SOLUTION: I really do not understand this problem at all... help, please! ---use the fact that revenue = price*quantity to solve the problem. the price (p) in dollars and the quantity (x) so

Question 167650: I really do not understand this problem at all... help, please! ---use the fact that revenue = price*quantity to solve the problem. the price (p) in dollars and the quantity (x) sold of a certain product are described by the following: p=-1/6x+100, 0<=x<=600.
a)express the revenue R as a function of x.
b)what quantity x maximizes the revenue?
c)what price should the company charge for the maximum revenue?

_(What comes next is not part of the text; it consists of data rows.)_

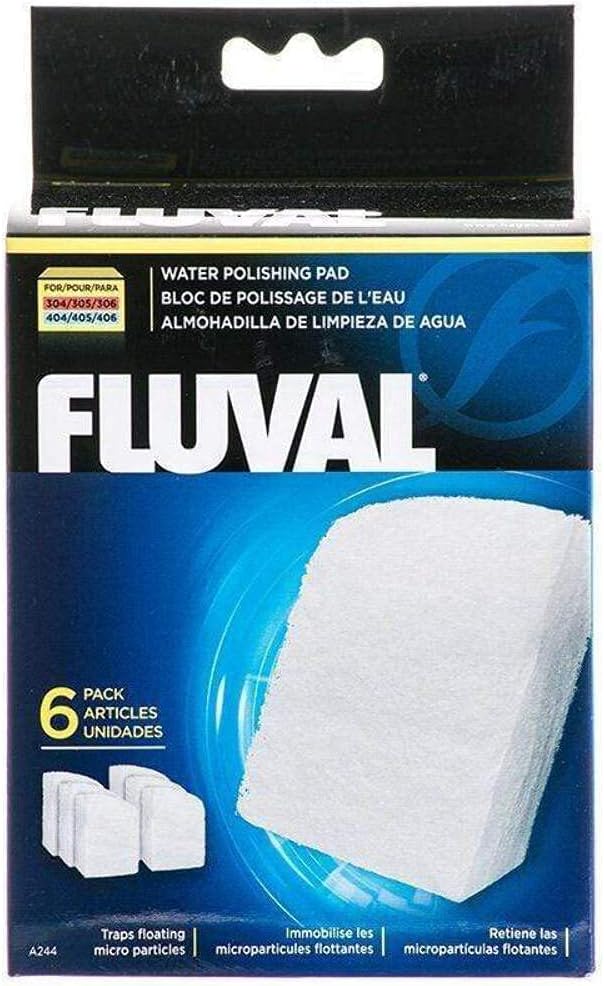 Fluval 306/7 and 406/7 Filter Water Polishing Pad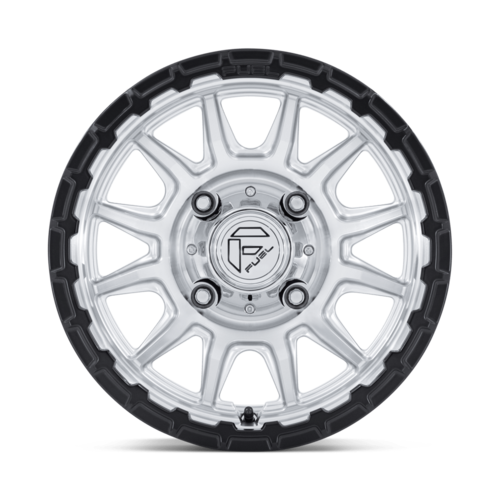 PISTON UTV 15X7 6X5.5 100 +38 H-SLV MBLP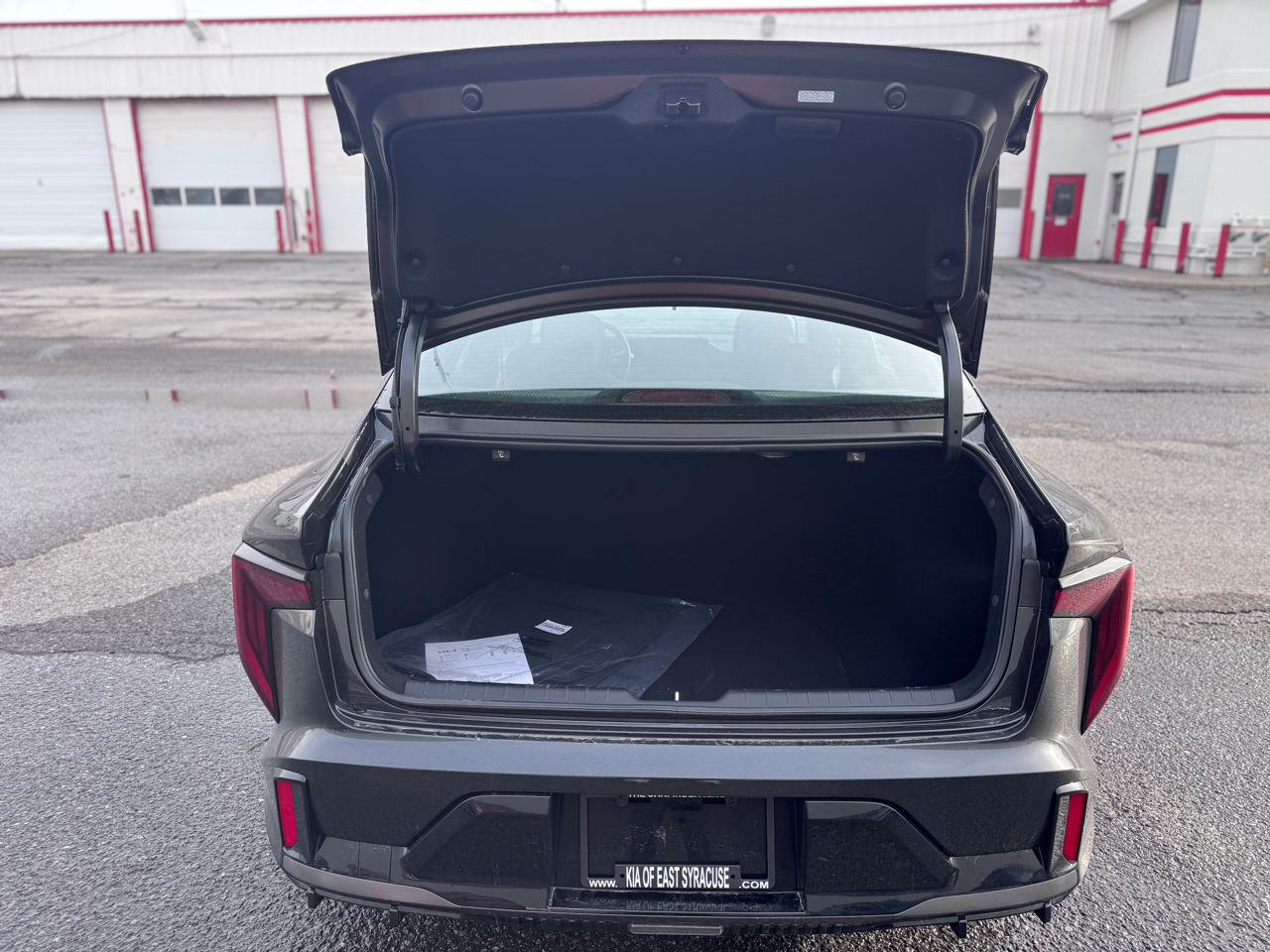 Kia K4 GT-Line Sedan 2026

Found 2 solutions by stanbon, gonzo:
Answer by stanbon(75887) (Show Source): You can put this solution on YOUR website!
use the fact that revenue = price*quantity to solve the problem. the price (p) in dollars and the quantity (x) sold of a certain product are described by the following: p=-1/6x+100, 0<=x<=600.
a)express the revenue R as a function of x.
R(x) = x[(-1/6)x + 100] = (-1/6)x^2 + 100x
-------------------------------------
b)what quantity x maximizes the revenue?
max occurs when x = -b/2a = -100/(2(-1/6)) = 300
--------------------------------------
c)what price should the company charge for the maximum revenue?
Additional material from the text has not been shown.